This parameter controls whether a quote mark can be represented by \’ in the escape string syntax (E’…’).
At a glance
| Property | Value |
|---|---|
| Parameter | backslash_quote |
| Category | Version and Platform Compatibility |
| Default | safe_encoding |
| Value type | enum |
| Change scope | Per-session (SET) |
| Available in | PostgreSQL 12, 13, 14, 15, 16, 17, 18, 19 (added in 12) |
What it does
This parameter controls whether a quote mark can be represented by \’ in the escape string syntax (E’…’). The preferred, SQL-standard way to represent a quote mark is by doubling it (”) but PostgreSQL has historically also accepted \’. However, use of \’ creates security risks because in some client character set encodings, there are multibyte characters in which the last byte is numerically equivalent to ASCII \. If client-side code does escaping incorrectly then an SQL-injection attack is possible. This risk can be prevented by making the server reject queries in which a quote mark appears to be escaped by a backslash. The allowed values of backslash_quote are on (allow \’ always), off (reject always), and safe_encoding (allow only if client encoding does not allow ASCII \ within a multibyte character). safe_encoding is the default setting.

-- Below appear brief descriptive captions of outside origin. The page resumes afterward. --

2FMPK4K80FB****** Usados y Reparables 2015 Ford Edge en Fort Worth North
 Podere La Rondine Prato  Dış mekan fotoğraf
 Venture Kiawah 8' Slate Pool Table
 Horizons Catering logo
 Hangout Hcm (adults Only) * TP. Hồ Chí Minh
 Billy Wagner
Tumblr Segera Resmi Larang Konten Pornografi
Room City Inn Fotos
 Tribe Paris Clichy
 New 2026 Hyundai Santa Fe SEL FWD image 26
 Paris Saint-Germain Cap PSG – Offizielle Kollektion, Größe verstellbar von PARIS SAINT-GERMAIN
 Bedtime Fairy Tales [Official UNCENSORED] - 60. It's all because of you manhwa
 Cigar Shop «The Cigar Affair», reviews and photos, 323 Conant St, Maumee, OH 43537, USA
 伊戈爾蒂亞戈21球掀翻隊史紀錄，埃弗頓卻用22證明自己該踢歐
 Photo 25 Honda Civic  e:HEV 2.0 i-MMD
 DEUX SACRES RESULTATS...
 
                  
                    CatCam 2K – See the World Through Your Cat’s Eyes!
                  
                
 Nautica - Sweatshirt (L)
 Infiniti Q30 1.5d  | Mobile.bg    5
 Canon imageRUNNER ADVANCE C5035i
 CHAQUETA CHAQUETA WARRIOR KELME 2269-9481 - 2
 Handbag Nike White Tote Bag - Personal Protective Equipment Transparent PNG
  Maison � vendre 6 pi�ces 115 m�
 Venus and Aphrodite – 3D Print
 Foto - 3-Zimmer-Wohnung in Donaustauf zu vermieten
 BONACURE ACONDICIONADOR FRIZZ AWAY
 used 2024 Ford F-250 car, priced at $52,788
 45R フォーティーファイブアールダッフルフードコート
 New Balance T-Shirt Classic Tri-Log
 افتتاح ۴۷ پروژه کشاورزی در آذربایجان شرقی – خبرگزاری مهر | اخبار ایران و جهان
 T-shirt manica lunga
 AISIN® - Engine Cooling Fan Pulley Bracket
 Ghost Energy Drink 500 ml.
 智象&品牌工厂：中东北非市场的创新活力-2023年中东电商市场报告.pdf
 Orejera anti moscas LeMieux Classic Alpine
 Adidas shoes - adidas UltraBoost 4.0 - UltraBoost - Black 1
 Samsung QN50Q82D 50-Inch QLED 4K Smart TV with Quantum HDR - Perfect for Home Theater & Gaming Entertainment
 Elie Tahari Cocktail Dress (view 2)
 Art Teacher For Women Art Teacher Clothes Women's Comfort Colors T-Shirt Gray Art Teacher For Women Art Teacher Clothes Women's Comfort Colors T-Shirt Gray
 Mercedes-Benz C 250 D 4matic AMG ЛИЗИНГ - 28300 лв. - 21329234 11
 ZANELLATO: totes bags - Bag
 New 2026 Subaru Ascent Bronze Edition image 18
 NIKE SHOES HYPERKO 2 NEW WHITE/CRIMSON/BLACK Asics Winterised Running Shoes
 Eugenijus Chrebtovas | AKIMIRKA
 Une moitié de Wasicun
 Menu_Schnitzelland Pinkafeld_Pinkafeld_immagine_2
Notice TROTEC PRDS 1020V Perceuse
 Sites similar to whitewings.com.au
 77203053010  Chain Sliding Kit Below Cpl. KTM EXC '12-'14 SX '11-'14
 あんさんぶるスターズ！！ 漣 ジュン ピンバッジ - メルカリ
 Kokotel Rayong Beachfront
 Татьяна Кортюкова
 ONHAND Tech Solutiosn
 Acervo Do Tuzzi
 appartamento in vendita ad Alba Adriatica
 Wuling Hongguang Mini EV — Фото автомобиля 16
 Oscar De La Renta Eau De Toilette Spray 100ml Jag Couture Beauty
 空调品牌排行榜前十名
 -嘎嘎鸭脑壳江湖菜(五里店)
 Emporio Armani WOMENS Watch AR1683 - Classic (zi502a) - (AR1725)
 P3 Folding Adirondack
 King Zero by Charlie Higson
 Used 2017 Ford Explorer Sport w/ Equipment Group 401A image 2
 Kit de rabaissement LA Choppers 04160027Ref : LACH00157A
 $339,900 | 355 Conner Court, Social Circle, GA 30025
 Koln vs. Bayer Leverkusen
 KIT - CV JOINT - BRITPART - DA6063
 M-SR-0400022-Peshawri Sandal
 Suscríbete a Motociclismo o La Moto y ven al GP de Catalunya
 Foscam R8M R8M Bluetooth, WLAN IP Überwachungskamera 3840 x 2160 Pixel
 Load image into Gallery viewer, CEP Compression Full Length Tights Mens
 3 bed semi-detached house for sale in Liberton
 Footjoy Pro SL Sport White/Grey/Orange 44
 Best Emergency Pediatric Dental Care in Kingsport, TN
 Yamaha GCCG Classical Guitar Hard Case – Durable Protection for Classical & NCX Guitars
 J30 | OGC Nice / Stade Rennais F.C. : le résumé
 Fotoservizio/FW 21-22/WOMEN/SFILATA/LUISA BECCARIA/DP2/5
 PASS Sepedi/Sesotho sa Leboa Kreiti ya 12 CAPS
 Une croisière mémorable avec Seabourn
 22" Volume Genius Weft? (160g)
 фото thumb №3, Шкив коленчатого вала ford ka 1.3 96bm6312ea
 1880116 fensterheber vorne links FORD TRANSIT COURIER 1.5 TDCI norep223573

Note that in an ordinary string literal, \ just means \ anyway. This parameter only affects the handling of escape string syntax.
(Description quoted from the official PostgreSQL documentation.)
How to apply a change
Can be set per session with SET, per role/database with ALTER ROLE/DATABASE ... SET, or globally in postgresql.conf.
Inspect the current value and source with SHOW backslash_quote; or SELECT name, setting, unit, context, source FROM pg_settings WHERE name = 'backslash_quote';.
Tuning guidance
This controls backward-compatibility behaviour, not performance. Keep it at the modern default unless a specific legacy application depends on the older behaviour; turning compatibility flags on to paper over application bugs stores up problems for a future upgrade. Treat any non-default value as technical debt to remove.